Двенадцати лет уже не хватает, чтобы втиснуть в беззащитные детские головы ворох бессистемных и бесполезных знаний, не складывающихся в понятия и не запоминающихся в виде целостных образов. Дошкольники уже не играют в «Дочки матери» и не знают кто такая Красная шапочка. С трех лет они уже усиленно готовятся к школе, чтобы 12 лет готовиться в институт, чтобы еще через пять лет с удивлением узнать, что все это им было совершенно не нужно.
В нашем неуемном желании дать нашим детям как можно больше и как можно раньше, мы отнимаем у них то прекрасное, что у них уже есть. Мы даем им костыли вместо ног, фотоаппарат вместо глаз, магнитофон вместо мозгов, готовые фразы и суждения вместо собственных мыслей. Мы заставляем их ходить там, где некуда пойти, видеть там, где не на что смотреть, говорить о том, чего мы сами не понимаем и никогда в жизни не видели.

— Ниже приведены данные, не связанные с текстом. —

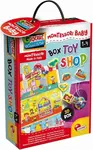 Montessori baby box toy - vkládačka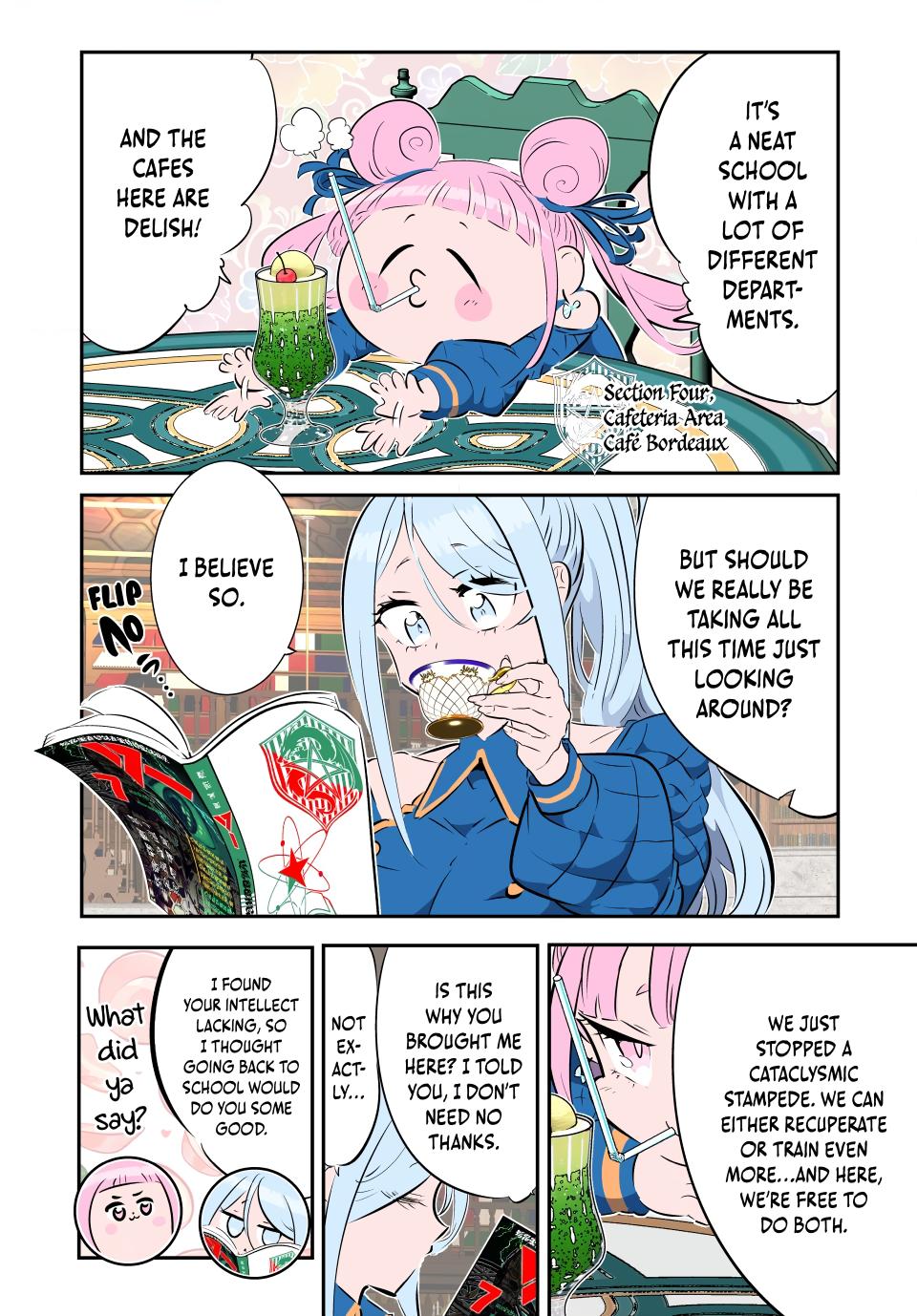 I Was Reincarnated as the 7th Prince so I Can Take My Time Perfecting My Magicals Ability Chapter 217 page 21 - 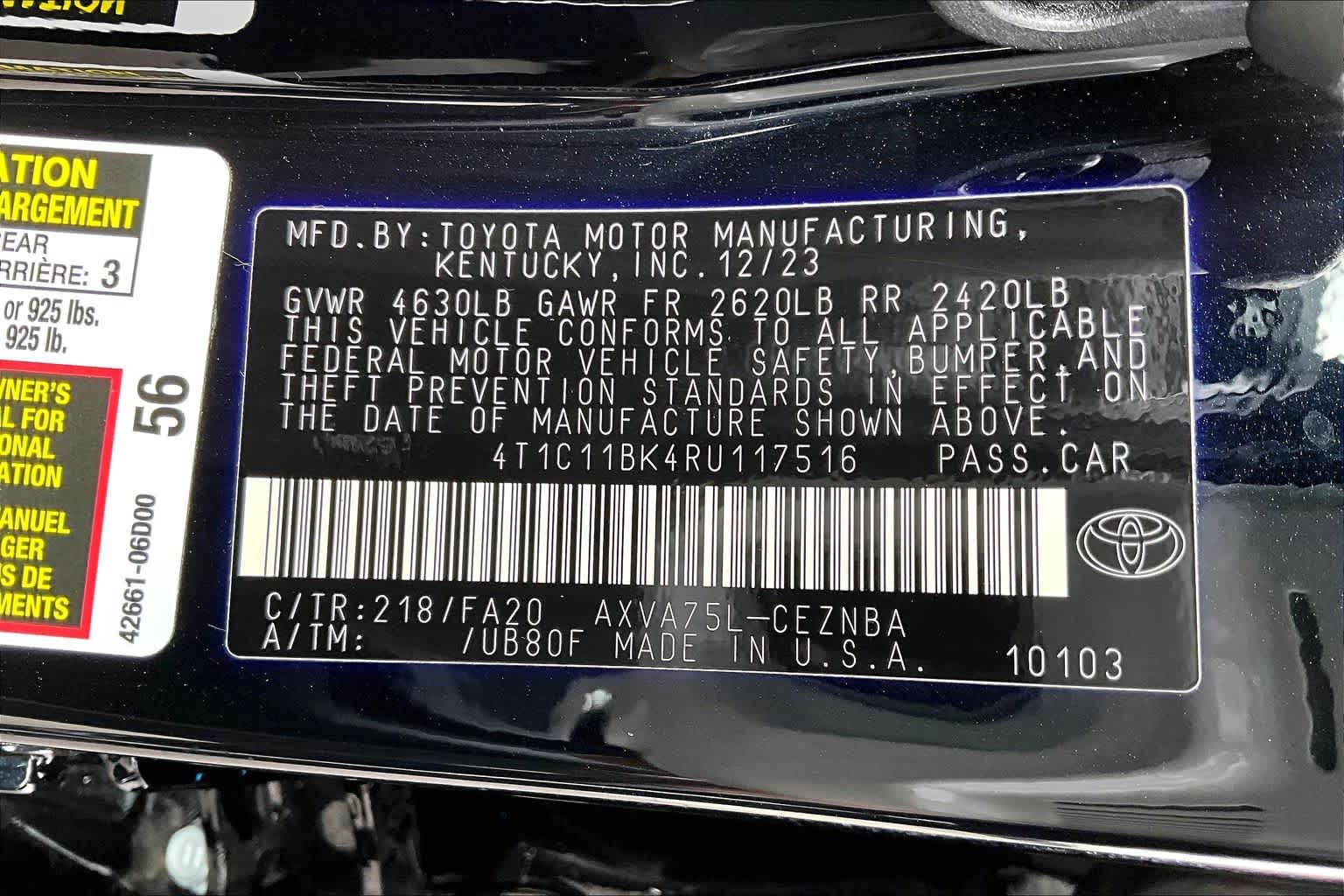 Thumbnail: 2024 Toyota Camry - 20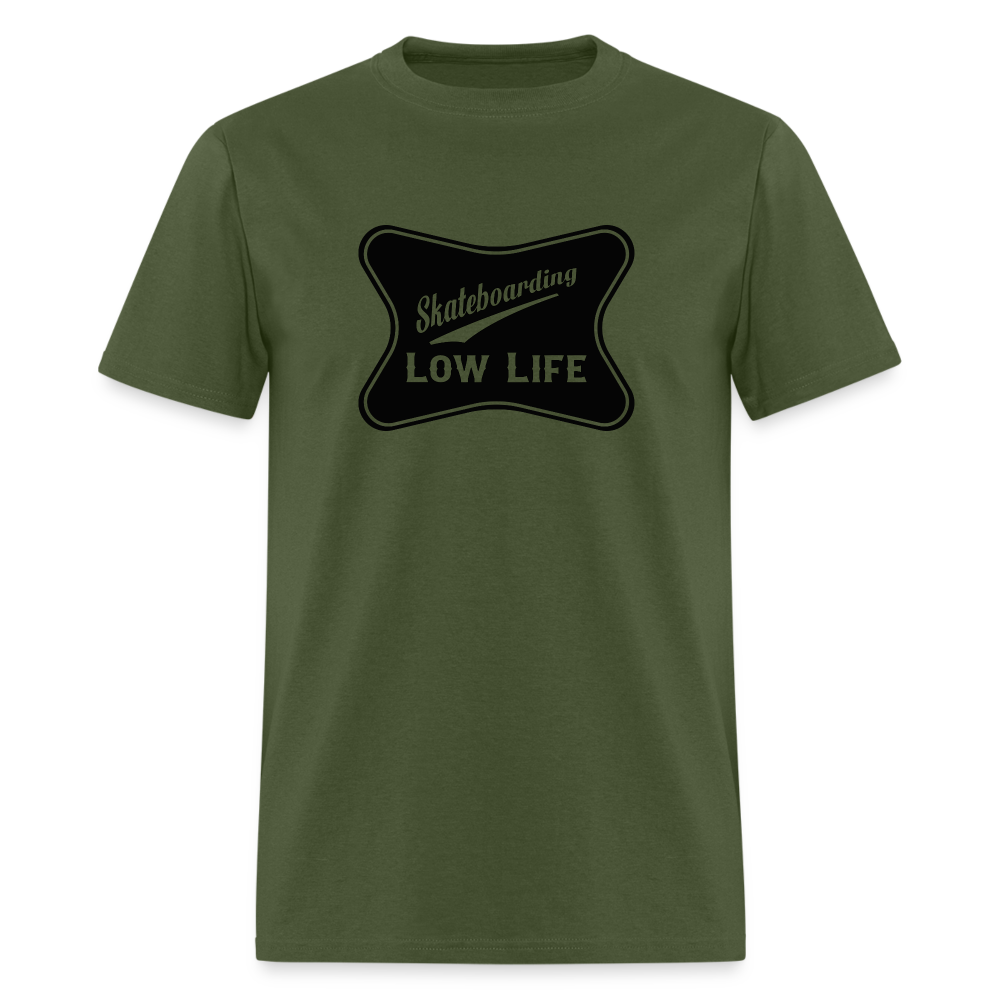 Skateboarding - Black - Unisex Classic T-Shirt - military green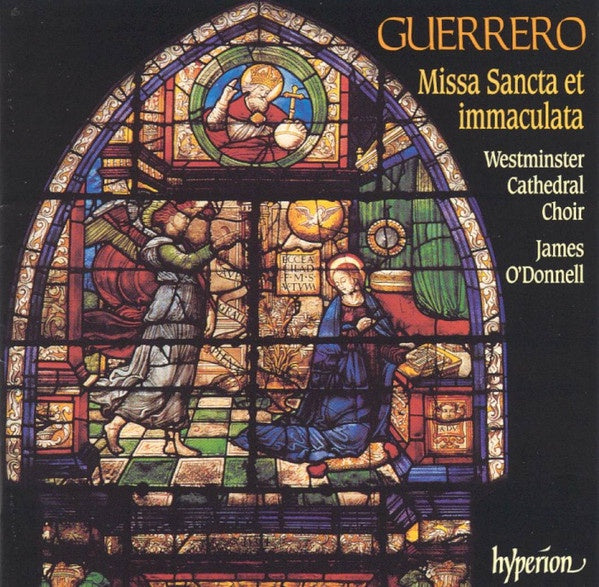GUERRERO- MISSA SANCTA ET IMMACULATA CD NM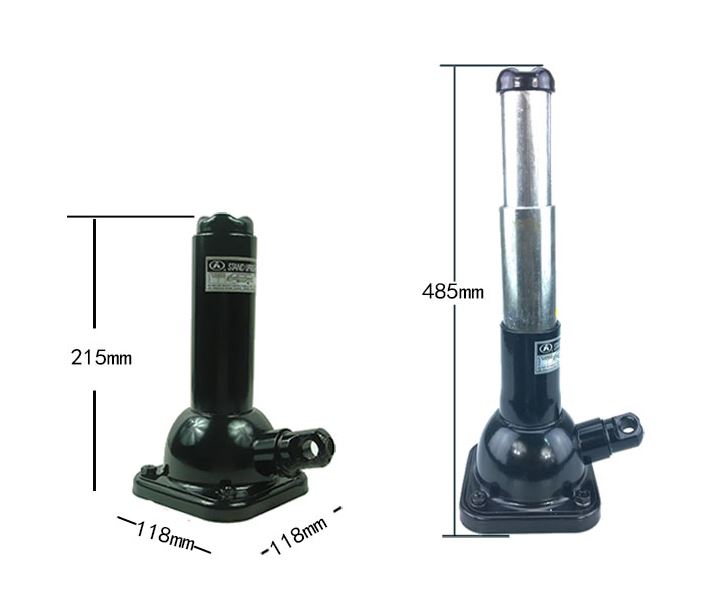 CARE08 แม่แรงมือหมุน 2 ตัน สะดวก ปลอดภัย ทนทาน สำหรับ รถเก๋ง รถกระบะ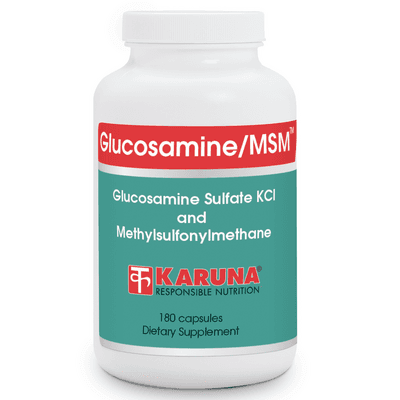 Glucosamine/MSM (180 capsules)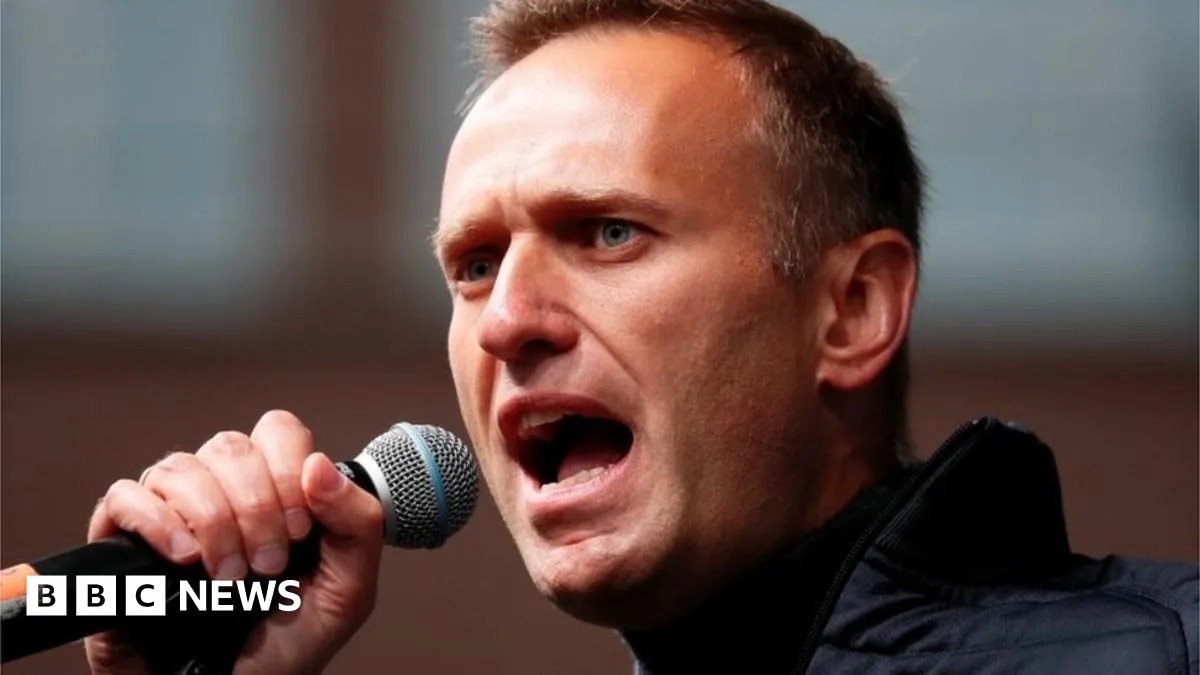 Navalny Poisoned With Novichok, Germany Says, Accusing Kremlin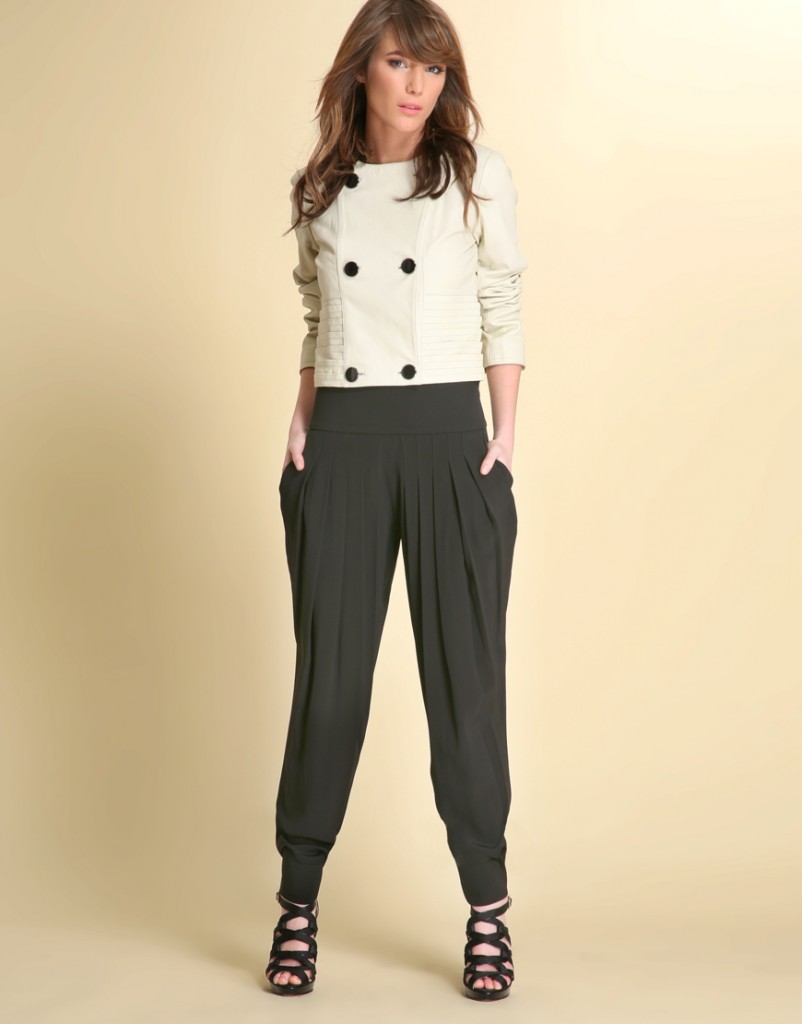 Fashion Trends of Women Pants Spring Summer 2013  Fashion Style 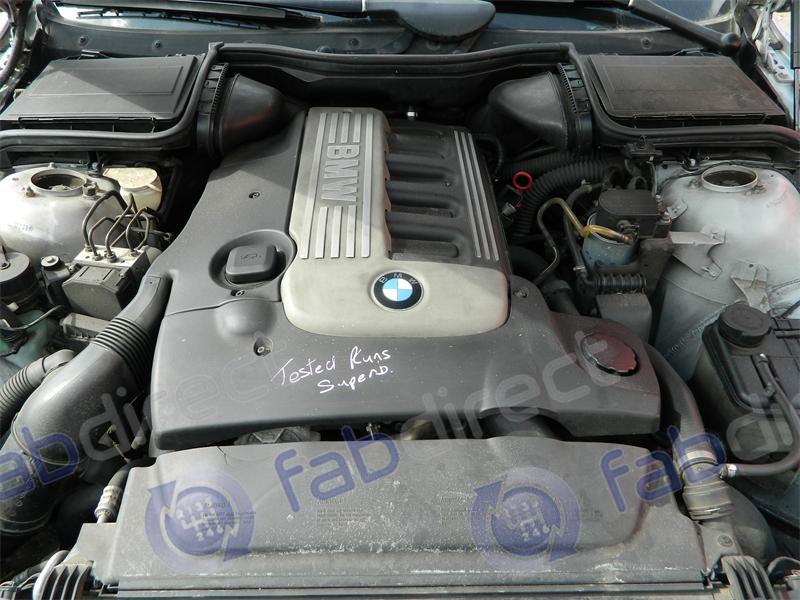 BMW 7 SERIES E38 1998 - 2000 3.0 - 2926cc 24v 730d M57D30 diesel Engine Image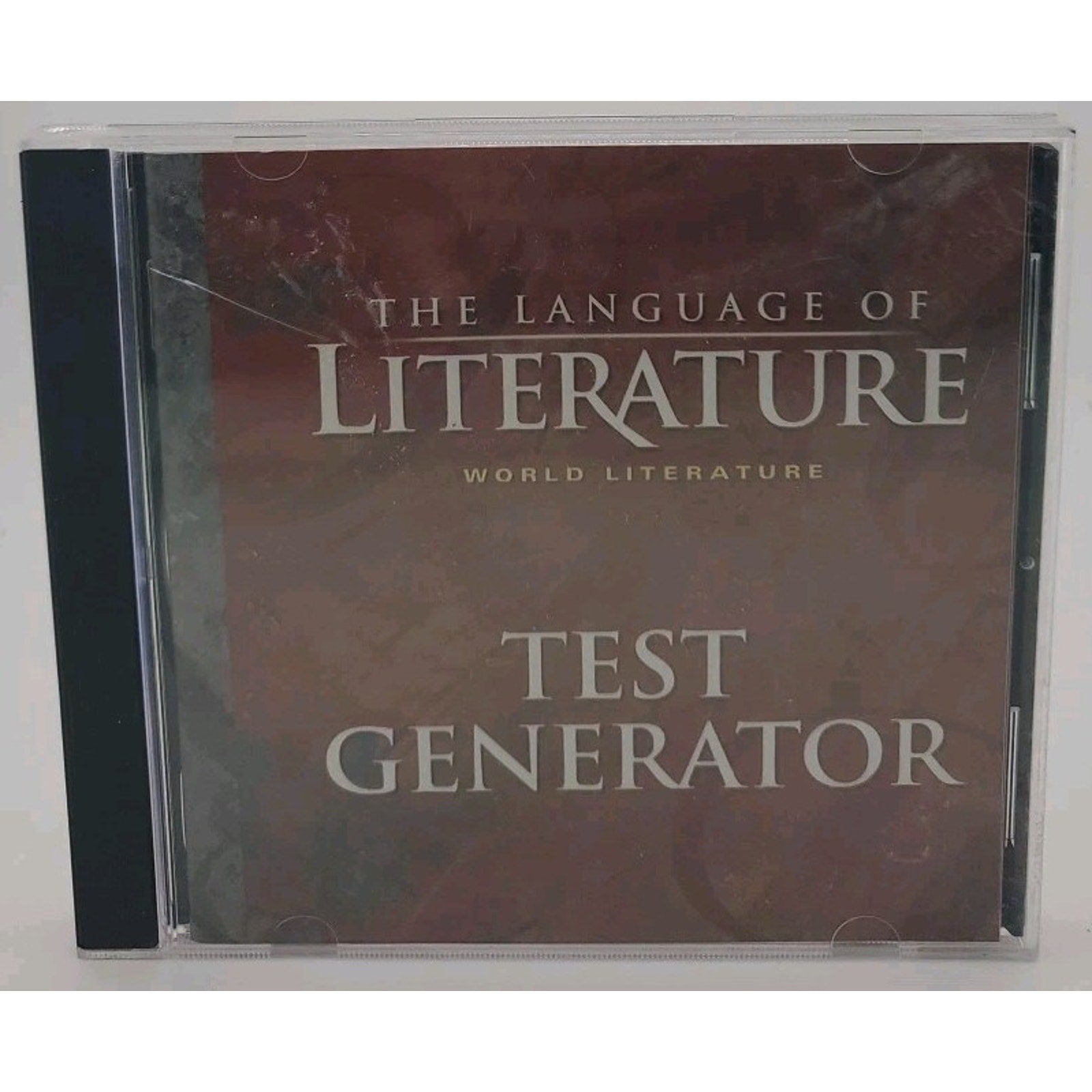 Test Generator The Language of Literature - World Literature CD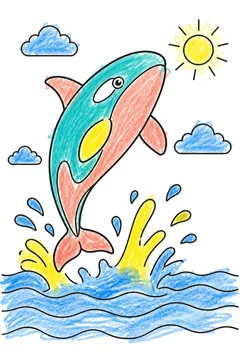 Colored example 1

Мы не хотим терпеливо ждать пока из семечка покажется росток, у ростка появятся листики, когда распустятся цветы, когда завяжутся, вырастут и созреют плоды. Да мы уже и забыли откуда берутся яблоки. Мы верим, что они растут в магазине и хотим получить их сразу и без хлопот.
Мы хотим как лучше, а делаем как всегда.